The present invention provides in a third embodiment a method of handling material in a plurality of strings of gondola cars. The method comprises providing an automotive rail car loading assembly comprising a loading machine having a handling arm; moving the rail car loading assembly forward and rearward along top edges of sidewalls of a first string of gondola cars and across gaps between the gondola cars and manipulating the handling arm to handle the material; providing a deck vehicle comprising a deck located at a deck end of the deck vehicle; maneuvering the deck vehicle to position the deck adjacent to a first end gondola car of the first string of gondola cars wherein the deck is located at a vertical loading position; moving the rail car loading assembly from top edges of sidewalls of the first end gondola car onto the deck; lowering the deck to a vehicle transport position; moving the deck vehicle to a position wherein the deck is adjacent to a second end gondola car of a second string of gondola cars; raising the deck to the vertical loading position; moving the rail car loading assembly onto top edges of sidewalls of the second end gondola car; and moving the rail car loading assembly forward and rearward along top edges of sidewalls of the second string of gondola cars and across gaps between the gondola cars and manipulating the handling arm to handle the material.

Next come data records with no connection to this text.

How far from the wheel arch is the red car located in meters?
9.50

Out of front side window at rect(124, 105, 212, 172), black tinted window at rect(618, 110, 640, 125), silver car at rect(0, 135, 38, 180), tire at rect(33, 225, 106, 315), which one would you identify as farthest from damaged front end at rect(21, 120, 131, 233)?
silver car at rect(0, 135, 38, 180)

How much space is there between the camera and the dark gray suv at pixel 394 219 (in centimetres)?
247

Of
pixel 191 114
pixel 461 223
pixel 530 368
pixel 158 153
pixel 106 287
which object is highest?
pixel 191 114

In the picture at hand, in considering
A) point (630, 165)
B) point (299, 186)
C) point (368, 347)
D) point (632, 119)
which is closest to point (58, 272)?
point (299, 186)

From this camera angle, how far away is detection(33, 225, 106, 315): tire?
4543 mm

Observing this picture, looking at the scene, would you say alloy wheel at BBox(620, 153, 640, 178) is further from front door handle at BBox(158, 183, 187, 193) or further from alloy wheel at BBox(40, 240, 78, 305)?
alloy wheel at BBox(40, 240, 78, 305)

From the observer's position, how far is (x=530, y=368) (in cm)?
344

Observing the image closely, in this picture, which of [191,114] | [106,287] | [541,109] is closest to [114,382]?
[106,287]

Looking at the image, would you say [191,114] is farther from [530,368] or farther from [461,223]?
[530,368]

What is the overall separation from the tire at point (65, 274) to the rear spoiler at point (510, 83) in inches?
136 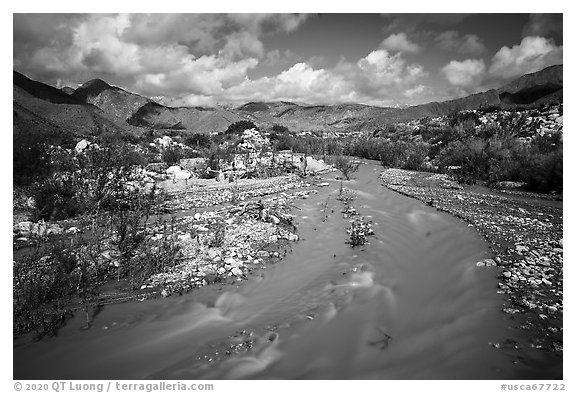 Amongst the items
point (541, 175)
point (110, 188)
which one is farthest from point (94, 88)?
point (541, 175)

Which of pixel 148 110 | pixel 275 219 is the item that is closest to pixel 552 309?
pixel 275 219

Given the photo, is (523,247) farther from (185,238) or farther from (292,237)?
(185,238)

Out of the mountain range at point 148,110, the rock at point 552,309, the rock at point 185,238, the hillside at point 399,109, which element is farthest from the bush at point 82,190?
the hillside at point 399,109

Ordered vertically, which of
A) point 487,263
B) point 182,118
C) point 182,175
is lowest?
point 487,263

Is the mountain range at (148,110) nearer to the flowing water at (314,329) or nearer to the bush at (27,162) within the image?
the bush at (27,162)

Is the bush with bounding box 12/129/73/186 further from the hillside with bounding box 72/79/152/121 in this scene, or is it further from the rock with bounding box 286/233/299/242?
the hillside with bounding box 72/79/152/121

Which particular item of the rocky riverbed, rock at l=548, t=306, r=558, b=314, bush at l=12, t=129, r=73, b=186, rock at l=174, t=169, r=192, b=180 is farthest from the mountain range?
rock at l=174, t=169, r=192, b=180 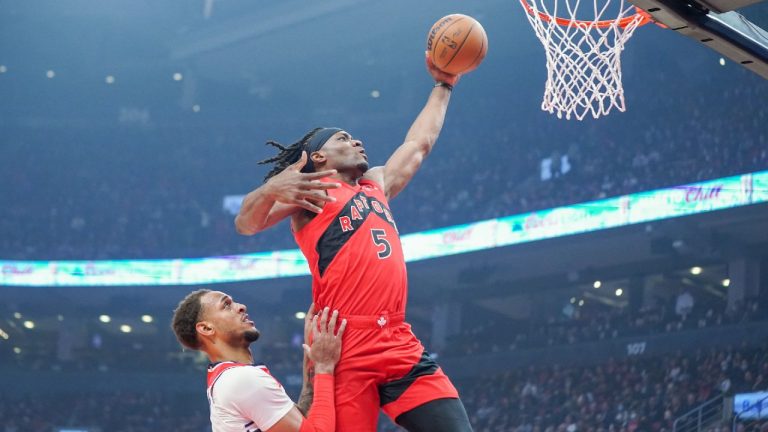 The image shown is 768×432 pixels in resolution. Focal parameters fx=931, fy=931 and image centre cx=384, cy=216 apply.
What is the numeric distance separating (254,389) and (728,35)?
2.48 metres

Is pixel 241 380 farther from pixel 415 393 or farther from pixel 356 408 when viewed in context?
pixel 415 393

Conveniently the loading machine and bridge beam assembly are provided with bases and clamps to engage the sidewalls of the gondola cars. The bases are on jacks so that the bridge bases and loader bases can be moved up and down selectively such that the rail car loading assembly is alternately supported by the loader bases on the loading machine and the bridge bases on the bridge beam assembly. When the rail car loading assembly is supported on the loader bases the bridge beam assembly can be extended forward and rearward with respect to the loading machine, then the bridge bases are lowered onto the sidewall and the loader bases raised so the loading machine can then move along the bridge beam assembly. Thus the rail car loading assembly can be walked forward and rearward as required.

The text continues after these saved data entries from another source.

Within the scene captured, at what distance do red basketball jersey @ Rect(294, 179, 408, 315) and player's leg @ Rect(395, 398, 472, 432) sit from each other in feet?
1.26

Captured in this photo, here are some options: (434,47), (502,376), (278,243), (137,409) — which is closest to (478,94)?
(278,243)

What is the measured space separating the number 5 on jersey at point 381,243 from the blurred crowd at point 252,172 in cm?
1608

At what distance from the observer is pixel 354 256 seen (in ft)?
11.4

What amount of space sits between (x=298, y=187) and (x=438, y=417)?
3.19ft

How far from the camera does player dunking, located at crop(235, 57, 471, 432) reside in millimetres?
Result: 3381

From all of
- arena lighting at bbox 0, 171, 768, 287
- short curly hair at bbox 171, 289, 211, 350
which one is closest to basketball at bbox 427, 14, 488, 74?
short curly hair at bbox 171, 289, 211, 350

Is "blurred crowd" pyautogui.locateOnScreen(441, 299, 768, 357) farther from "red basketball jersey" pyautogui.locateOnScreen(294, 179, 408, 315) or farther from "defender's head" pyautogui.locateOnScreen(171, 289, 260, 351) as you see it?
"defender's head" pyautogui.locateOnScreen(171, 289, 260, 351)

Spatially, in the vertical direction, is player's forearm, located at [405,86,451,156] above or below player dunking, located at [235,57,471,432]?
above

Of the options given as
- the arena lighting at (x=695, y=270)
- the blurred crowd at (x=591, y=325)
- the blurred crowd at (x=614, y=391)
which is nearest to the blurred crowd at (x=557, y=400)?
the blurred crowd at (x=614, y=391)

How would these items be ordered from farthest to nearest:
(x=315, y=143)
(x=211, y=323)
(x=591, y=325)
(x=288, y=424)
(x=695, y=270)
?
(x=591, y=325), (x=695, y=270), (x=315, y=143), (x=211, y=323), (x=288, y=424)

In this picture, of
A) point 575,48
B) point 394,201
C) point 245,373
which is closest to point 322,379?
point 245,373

For travel on public roads the rail car loading assembly can be walked from the deck to a lower location on a trailer where the overall height of the rail car loading assembly can be kept below 13.5 feet for travel on public roads. Also, for increased stability, the loading machine can be mounted on lateral slides so that same may move to the side of the gondola car opposite the side toward which the loading arm is extended to handle material.

DESCRIPTION OF THE DRAWINGS

While the invention is claimed in the concluding portions hereof, preferred embodiments are provided in the accompanying detailed description which may be best understood in conjunction with the accompanying diagrams where like parts in each of the several diagrams are labeled with like numbers, and where:

FIG. 1 is a side view of an embodiment of a material handling and transport apparatus of the invention;

FIGS. 2–8 are side views of the embodiment of FIG. 1 showing how the rail car loading assembly is moved from the gondola car to a vehicle transport position on the deck of the deck vehicle;

FIGS. 9–16 are side views of the embodiment of FIG. 1 showing how the rail car loading assembly is moved from the vehicle transport position on the deck of the deck vehicle to a lower trailer transport position on a trailer bed;

FIGS. 17–20 are side views of the embodiment of FIG. 1 showing how the rail car loading assembly is moved from one gondola car to the next in a string of gondola cars;

FIG. 21 is a top view of the embodiment of FIG. 1 with the rail car loading assembly on top of a gondola car.

DETAILED DESCRIPTION OF THE ILLUSTRATED EMBODIMENTS

FIGS. 1–21 illustrate a material handling and transport apparatus 1 for railroad use. The apparatus 1 comprises a rail car loading assembly 3 comprising a loading machine 5 having a handling arm 7. Means 9 are provided to move the rail car loading assembly 3 forward and rearward along top edges 11 of sidewalls 13 of a string of gondola cars 15 and across gaps 17 between the gondola cars 15 as illustrated in FIGS. 17–20.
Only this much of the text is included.